Muchas son las voces que nos conminan a concienciarnos sobre el penoso estado en el que estamos dejando el planeta, la crisis climática cada vez más evidente, el agotamiento de los recursos y la falta de futuro para muchas especies, entre ellas la nuestra. Desde los medios de comunicación nos alertan del peligro insostenible en el que nos encontramos y nos exhortan a cambiar de hábitos si no queremos destruir definitivamente el medio ambiente en el que vivimos.

Tiene su gracia, si no fuera porque nos va la vida en ello (y la de las futuras generaciones), que echen sobre el ciudadano de a pie la responsabilidad del impacto que está teniendo sobre la naturaleza terrestre nuestra forma de vida. Un modelo basado en el mercantilismo, la especulación y la acumulación de capital, que ha decidido por todos nosotros qué tipo de productos, tecnología, energía, transporte, ocio, etc, debemos consumir. Después de setenta años llenando de plástico todo lo que nos rodea, como un rey Midas de plexiglás, ahora nos alertan a los consumidores de que debemos cambiar de costumbres y cargan sobre nuestros hombros la tarea de buscar nuevas formas de uso, producción, consumo y desarrollo, como si ello fuera ajeno a un modelo político, social y existencial y, en definitiva, de gestión de recursos y redistribución de la riqueza. Nada nos es extraño, y ahora más que nunca, el concepto “global” nos hace ser totalmente interdependientes y corresponsables de lo que ocurre en este planeta.

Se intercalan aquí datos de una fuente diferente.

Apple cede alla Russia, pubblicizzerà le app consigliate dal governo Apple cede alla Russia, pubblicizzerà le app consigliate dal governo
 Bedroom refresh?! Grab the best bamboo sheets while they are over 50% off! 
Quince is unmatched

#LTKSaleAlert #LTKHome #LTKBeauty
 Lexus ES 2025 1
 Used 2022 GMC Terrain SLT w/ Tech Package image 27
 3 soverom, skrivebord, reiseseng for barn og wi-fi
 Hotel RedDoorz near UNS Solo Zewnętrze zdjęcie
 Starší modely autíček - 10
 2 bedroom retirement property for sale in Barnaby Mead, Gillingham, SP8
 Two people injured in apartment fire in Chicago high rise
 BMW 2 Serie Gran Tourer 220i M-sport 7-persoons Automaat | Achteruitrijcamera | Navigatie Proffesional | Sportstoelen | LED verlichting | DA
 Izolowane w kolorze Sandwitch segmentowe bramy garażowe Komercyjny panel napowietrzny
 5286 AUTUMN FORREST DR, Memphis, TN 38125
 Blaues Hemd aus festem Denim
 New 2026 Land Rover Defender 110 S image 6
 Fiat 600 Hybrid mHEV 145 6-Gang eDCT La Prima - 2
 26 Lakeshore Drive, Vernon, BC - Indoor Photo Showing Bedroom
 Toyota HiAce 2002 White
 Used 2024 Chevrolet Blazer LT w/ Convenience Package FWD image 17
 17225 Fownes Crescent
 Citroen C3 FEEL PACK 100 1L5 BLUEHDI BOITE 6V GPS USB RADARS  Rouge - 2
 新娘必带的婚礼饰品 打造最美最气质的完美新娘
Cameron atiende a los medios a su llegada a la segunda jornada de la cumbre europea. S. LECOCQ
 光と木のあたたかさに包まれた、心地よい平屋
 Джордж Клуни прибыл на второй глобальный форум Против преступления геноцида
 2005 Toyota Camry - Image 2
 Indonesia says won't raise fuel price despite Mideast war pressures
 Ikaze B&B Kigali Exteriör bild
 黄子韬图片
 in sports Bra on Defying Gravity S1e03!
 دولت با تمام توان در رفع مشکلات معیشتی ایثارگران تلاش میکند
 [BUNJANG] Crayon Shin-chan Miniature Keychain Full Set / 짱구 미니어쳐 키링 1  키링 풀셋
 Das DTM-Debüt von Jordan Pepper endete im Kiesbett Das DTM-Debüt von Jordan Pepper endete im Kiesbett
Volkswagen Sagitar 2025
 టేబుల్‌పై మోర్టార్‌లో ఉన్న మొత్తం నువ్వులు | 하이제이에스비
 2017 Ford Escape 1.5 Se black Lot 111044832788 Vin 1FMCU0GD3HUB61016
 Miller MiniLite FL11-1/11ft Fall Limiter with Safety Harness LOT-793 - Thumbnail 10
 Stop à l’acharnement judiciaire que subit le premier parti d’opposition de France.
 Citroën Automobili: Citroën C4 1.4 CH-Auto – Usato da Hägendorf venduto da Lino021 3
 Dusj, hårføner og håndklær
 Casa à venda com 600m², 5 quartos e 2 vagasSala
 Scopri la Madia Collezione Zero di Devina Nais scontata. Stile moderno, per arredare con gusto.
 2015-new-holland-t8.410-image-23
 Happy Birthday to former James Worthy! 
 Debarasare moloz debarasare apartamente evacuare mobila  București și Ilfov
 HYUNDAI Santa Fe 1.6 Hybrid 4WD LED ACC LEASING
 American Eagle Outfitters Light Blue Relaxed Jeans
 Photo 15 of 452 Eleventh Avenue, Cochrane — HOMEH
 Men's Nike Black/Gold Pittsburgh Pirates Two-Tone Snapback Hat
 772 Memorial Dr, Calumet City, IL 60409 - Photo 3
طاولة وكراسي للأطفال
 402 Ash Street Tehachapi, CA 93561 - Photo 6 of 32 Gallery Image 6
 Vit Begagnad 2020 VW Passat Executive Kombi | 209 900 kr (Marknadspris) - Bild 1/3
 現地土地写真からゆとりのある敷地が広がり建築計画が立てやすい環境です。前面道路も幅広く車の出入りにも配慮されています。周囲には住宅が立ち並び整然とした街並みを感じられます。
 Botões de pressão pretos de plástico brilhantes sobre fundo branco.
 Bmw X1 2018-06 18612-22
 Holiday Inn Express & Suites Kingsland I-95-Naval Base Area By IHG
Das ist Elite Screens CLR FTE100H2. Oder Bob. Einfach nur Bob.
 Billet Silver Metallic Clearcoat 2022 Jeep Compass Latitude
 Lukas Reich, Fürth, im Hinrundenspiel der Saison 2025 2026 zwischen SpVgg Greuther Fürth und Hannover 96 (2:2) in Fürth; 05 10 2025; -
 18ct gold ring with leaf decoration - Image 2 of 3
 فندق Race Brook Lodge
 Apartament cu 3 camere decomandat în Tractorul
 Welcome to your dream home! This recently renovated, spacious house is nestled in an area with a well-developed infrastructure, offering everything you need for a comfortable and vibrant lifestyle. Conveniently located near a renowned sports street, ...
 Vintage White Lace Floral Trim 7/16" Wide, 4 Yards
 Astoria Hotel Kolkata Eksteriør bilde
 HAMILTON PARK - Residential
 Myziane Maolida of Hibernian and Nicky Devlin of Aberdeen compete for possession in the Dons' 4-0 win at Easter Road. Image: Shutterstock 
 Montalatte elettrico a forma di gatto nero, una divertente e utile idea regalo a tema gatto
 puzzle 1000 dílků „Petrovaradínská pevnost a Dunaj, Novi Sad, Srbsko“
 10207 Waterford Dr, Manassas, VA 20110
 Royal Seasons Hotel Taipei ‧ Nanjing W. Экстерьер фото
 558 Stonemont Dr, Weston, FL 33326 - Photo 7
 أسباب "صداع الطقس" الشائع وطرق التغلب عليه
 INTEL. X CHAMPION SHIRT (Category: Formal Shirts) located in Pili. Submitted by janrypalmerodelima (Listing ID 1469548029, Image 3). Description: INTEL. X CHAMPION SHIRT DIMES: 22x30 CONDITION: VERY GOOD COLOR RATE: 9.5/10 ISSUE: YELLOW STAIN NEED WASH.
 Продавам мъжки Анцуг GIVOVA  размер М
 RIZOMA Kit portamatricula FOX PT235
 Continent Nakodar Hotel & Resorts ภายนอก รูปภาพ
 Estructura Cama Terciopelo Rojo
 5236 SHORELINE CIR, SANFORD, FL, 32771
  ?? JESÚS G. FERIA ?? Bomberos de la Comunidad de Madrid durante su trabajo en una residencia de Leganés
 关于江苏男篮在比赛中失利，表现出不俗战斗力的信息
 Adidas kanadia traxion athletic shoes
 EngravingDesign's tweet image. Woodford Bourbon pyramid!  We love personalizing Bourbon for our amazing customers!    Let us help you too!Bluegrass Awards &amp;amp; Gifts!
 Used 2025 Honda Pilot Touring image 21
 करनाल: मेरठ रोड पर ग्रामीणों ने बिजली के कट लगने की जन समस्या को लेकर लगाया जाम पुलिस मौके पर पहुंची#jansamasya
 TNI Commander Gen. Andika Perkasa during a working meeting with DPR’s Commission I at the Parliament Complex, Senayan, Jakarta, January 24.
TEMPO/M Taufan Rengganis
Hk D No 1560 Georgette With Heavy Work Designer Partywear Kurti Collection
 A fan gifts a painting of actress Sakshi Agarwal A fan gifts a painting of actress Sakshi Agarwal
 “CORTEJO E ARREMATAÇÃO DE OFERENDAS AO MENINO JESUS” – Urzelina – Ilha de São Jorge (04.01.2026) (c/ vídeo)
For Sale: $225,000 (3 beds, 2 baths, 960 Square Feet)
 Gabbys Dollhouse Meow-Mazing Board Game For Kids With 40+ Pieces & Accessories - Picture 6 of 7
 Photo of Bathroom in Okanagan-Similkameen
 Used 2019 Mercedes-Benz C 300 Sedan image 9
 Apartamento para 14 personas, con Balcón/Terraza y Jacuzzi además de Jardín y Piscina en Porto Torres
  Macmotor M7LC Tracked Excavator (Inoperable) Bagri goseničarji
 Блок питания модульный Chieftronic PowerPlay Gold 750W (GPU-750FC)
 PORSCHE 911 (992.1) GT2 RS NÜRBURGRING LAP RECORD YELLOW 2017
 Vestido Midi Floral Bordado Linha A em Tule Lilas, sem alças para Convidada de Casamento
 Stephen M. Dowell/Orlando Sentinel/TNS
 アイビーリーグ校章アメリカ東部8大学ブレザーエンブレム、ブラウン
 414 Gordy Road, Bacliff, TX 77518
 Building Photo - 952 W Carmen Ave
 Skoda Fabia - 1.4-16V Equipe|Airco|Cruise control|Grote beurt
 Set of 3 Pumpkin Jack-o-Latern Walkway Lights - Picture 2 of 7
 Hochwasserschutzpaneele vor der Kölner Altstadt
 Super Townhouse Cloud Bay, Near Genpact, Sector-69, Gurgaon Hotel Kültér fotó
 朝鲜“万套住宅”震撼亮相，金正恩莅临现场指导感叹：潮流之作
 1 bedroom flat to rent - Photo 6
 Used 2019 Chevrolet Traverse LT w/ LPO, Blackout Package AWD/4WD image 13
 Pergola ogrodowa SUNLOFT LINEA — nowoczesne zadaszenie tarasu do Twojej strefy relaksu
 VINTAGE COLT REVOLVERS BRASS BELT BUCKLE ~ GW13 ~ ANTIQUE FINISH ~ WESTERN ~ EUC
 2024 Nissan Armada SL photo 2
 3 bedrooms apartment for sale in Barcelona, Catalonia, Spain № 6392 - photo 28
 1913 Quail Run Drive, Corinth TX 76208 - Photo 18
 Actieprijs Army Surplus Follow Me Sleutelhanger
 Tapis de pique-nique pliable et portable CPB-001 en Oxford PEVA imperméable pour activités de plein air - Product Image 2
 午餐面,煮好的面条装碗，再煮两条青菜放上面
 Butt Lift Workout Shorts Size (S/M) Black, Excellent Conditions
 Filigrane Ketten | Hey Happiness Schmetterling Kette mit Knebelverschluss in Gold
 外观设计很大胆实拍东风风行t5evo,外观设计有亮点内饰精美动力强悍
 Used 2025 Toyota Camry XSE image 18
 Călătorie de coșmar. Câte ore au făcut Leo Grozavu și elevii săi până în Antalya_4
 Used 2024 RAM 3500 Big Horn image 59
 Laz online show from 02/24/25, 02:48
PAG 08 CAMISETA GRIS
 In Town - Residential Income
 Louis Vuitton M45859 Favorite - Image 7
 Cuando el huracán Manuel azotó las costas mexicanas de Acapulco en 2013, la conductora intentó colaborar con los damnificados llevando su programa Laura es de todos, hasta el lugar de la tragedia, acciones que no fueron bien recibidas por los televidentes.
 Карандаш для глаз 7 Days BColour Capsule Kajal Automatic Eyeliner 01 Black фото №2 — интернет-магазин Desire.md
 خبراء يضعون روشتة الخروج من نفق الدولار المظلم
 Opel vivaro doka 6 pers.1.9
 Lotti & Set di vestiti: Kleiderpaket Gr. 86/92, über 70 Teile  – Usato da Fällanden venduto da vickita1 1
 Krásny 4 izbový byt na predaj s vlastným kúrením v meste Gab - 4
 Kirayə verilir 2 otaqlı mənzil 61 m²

Pero podemos estar tranquilos: la empresa (sistema integrado de gestión) encargada de gestionar nuestros residuos, la basura que producimos en nuestro país, vela por el medio ambiente y cobra una tasa por todo aquello que tiene las dos flechitas, cual yin-yang del reciclaje. Esa tasa, repercutida por las empresas en el precio final del producto, no parece convencer a los productores de evitar profusos embalajes y residuos ni preocupar a la compañía que interactúa con administraciones, ciudadanía y empresas del ramo, puesto que cobra por emisión y paga por recogida. Seguir la pista del dinero clarifica intereses y voluntades, y más si esa empresa está gestionada por las multinacionales que se reparten el pastel del producto y el consumo.

Mientras tanto el espectáculo sigue: el campeonato del mundo de fútbol se va a celebrar en Qatar, donde los campos de fútbol, los grandes almacenes al aire libre y las calles gozarán de aire acondicionado para combatir las altas temperaturas. Un milagro que construyen un millón y medio de trabajadores inmigrantes, hacinados en albergues chapuceros y en régimen de semiesclavitud. La organización, no obstante, alardea de los millones de árboles que van a plantar, las desalinizadoras con lasque van a depurar el agua marina o el megaparque solar que proveerá de energía a este mastodonte de derroche y opulencia en el país con la renta per cápita más alta del mundo.

Ya veremos si la “sostenibilidad” que nos van a “administrar” a la plebe los que sí tienen opciones de cambiar las cosas nos convence, finalmente, de que la democracia está por encima de nuestras posibilidades.